Data to process section start

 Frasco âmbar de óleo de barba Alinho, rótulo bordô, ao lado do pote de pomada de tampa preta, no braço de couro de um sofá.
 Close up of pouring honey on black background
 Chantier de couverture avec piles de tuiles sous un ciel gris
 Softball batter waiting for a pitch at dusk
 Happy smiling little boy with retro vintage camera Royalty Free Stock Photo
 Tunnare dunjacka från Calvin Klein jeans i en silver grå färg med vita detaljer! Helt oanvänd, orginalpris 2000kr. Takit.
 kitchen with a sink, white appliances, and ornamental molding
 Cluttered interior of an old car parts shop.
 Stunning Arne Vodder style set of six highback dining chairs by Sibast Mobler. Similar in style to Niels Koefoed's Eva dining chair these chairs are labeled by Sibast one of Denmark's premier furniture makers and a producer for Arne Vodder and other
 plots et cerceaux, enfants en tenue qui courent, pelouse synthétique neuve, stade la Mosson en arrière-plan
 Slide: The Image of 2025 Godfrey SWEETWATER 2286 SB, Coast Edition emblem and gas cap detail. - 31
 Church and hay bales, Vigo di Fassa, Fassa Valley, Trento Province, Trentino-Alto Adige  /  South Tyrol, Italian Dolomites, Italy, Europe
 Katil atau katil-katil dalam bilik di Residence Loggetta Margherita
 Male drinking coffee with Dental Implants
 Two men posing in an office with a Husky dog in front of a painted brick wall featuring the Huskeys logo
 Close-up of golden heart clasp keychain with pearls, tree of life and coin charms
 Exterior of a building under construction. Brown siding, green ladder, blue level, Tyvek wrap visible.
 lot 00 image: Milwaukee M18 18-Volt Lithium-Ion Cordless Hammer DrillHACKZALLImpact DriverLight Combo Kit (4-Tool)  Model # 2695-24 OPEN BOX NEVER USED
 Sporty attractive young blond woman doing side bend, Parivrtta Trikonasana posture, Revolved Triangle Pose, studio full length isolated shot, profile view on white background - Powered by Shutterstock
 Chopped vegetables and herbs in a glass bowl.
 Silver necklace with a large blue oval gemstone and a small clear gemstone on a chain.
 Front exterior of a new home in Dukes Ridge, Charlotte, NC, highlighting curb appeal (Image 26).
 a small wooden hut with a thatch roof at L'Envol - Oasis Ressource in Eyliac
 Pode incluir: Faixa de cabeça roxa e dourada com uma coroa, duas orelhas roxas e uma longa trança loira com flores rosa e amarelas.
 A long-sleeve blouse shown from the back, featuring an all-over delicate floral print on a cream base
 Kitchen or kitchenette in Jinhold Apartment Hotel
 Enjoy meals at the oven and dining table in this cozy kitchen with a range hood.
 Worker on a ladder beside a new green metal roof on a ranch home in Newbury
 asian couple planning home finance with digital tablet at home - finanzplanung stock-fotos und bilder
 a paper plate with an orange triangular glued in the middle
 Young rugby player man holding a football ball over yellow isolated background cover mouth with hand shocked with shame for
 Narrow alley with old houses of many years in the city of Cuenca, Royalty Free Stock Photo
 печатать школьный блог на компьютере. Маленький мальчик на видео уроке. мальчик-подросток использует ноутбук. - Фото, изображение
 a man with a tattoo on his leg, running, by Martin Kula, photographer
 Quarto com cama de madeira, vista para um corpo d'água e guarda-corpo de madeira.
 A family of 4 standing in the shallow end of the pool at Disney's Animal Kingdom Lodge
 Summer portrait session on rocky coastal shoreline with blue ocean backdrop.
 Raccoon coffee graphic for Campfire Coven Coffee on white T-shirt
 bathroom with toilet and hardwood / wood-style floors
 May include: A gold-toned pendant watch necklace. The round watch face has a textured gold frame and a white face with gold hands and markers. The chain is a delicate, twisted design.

Data to process section end

• [Exercise description]: Return, word for word, the line containing "Front exterior of" and all lines after it through the last line of the records, and nothing else.

• [Solution to the exercise]:
 Front exterior of a new home in Dukes Ridge, Charlotte, NC, highlighting curb appeal (Image 26).
 a small wooden hut with a thatch roof at L'Envol - Oasis Ressource in Eyliac
 Pode incluir: Faixa de cabeça roxa e dourada com uma coroa, duas orelhas roxas e uma longa trança loira com flores rosa e amarelas.
 A long-sleeve blouse shown from the back, featuring an all-over delicate floral print on a cream base
 Kitchen or kitchenette in Jinhold Apartment Hotel
 Enjoy meals at the oven and dining table in this cozy kitchen with a range hood.
 Worker on a ladder beside a new green metal roof on a ranch home in Newbury
 asian couple planning home finance with digital tablet at home - finanzplanung stock-fotos und bilder
 a paper plate with an orange triangular glued in the middle
 Young rugby player man holding a football ball over yellow isolated background cover mouth with hand shocked with shame for
 Narrow alley with old houses of many years in the city of Cuenca, Royalty Free Stock Photo
 печатать школьный блог на компьютере. Маленький мальчик на видео уроке. мальчик-подросток использует ноутбук. - Фото, изображение
 a man with a tattoo on his leg, running, by Martin Kula, photographer
 Quarto com cama de madeira, vista para um corpo d'água e guarda-corpo de madeira.
 A family of 4 standing in the shallow end of the pool at Disney's Animal Kingdom Lodge
 Summer portrait session on rocky coastal shoreline with blue ocean backdrop.
 Raccoon coffee graphic for Campfire Coven Coffee on white T-shirt
 bathroom with toilet and hardwood / wood-style floors
 May include: A gold-toned pendant watch necklace. The round watch face has a textured gold frame and a white face with gold hands and markers. The chain is a delicate, twisted design.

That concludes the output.